But I have to tell you, I'm out of tools and I am going to go learn some new tools.
I would love for you to come with me.
And she's probably not going to go, man.
When's the last time you went and started talking to a counselor
on some new tools
to help you be a better man,
a better husband, a better dad?
I went to a counselor on my own.
I mean, COVID had it mobile.
Right.
But I talked to a counselor
for about three months
and I got the advice
that she is who she is.
Her past actions
are going to be
her future actions
and you've got to
come to terms with it
or...
Yeah, get a new counselor.
That one sucks.
Counselor sucks.
That's why I stopped going.
Yeah, the counselor's terrible.
Counselor's terrible.
I mean, it kind of stuck with me,
but that's not...
That doesn't help.
Every single person can change, but they can only change if they are tethered into something bigger and stronger than themselves.
And it sounds like your wife is exhausted and detached because all she's been is a series of accomplishments, achievements, failures.
She's got to live up to the standards of her Marine husband.
And here's the thing.
Here's the truth.
You know that if fill in the blank, if she got control of her money,
if she exercised, if she ate differently, if she fill in the blank,
that those things would help her.
But she's got to come to those things on her own.
And she has to hear those things from somebody that she can actually hear them from.
And she's got to be tethered into you for connection, right?
She does not need any more information from you.
She needs you.
And so here's what you're going to, I want you to keep this picture.
And I've used this image a bunch.
I'm going to continue to use it because it works.
You guys have a relationship that's 10 plus years old, three kids, right? You're going
to have to excavate what you have right now and rebuild something from the floor up. And if she
won't participate in the early rounds of the architecture and design, cool. But I'd love for
you guys to sit down and just dream together.
Is this what this is going to be for us?
Are we going to be back porch scrolling through Instagram for the rest of our life?
What do you need?
What can I, how can I bring you joy?
And you can't make her do anything.
Your counselor was right on that.
But what you can do is inject joy into your home.
And that comes from you doing the things that you can control. You working on your thoughts, your actions, your behaviors, your way
of treating people in the world. Not lecturing her on what she eats, but you being a model.

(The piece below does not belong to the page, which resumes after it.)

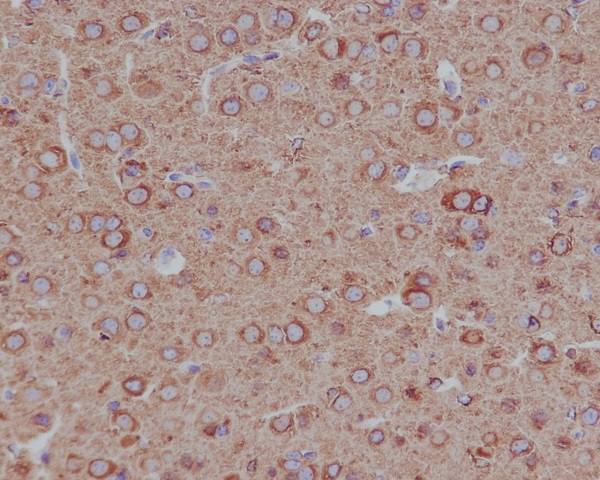 beta II Tubulin Rabbit mAb 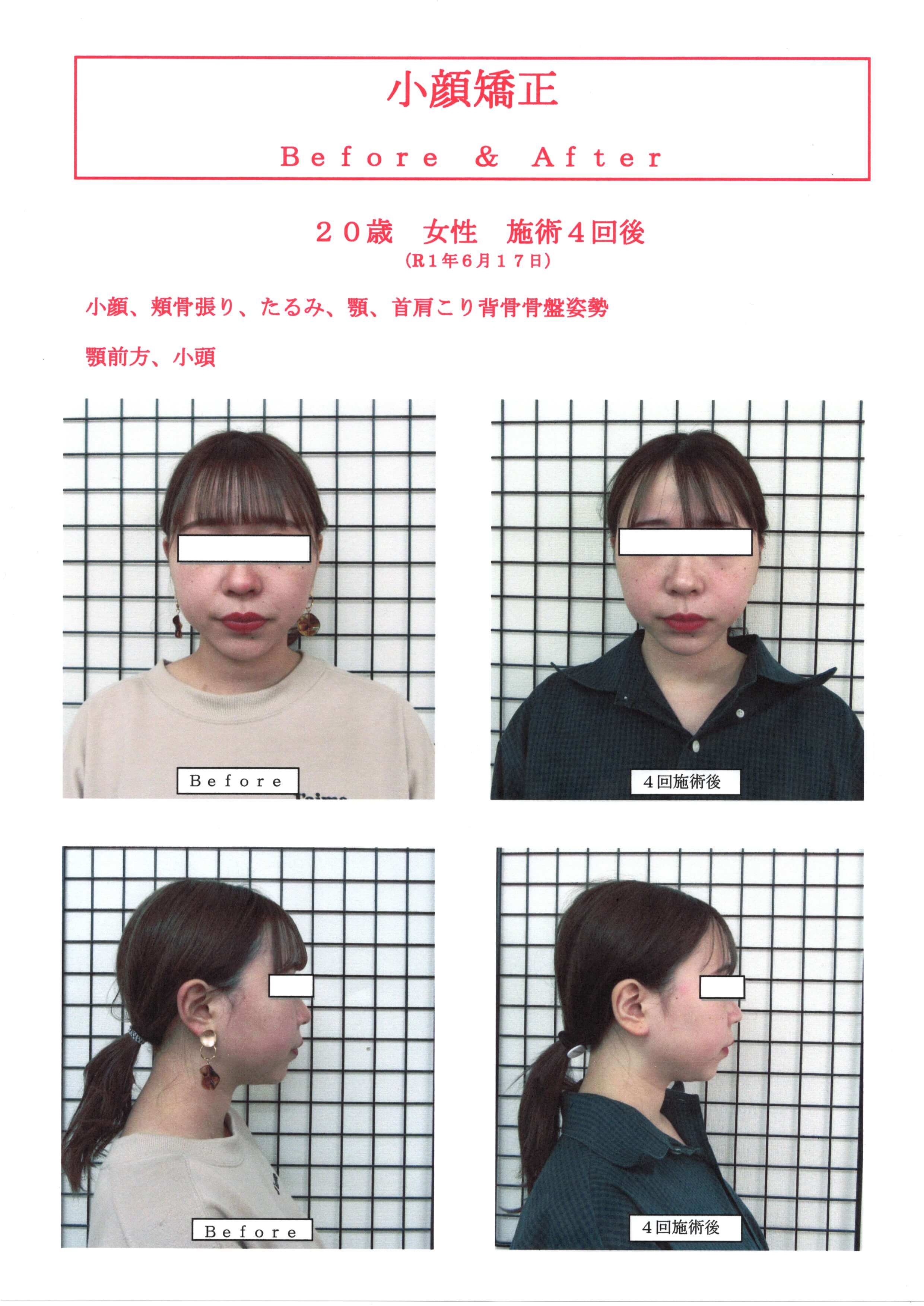 ダイエット　小顔矯正　割引特典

Not lecturing her on, you know what you should be doing? You should be exercising, getting your
finances right. But instead bringing your three kids around for budget day, hooray, and bringing,
I don't know, Reese's peanut butterups or whatever is going to make your kids excited about it.
And you're going to teach them how to budget.
And you're going to do it with joy and with laughter and with fun, not with military precision.
Military precision is important, but only when you have full trust does that work.
When you've signed it all over and your wife's not signed on anymore.
She's not signed on anymore. She's not signed on anymore.
And so what's the best way? I mean, you're headed towards, if you're not there already,
towards bitter, bitter resentment. And then it's hard to come back from that, man.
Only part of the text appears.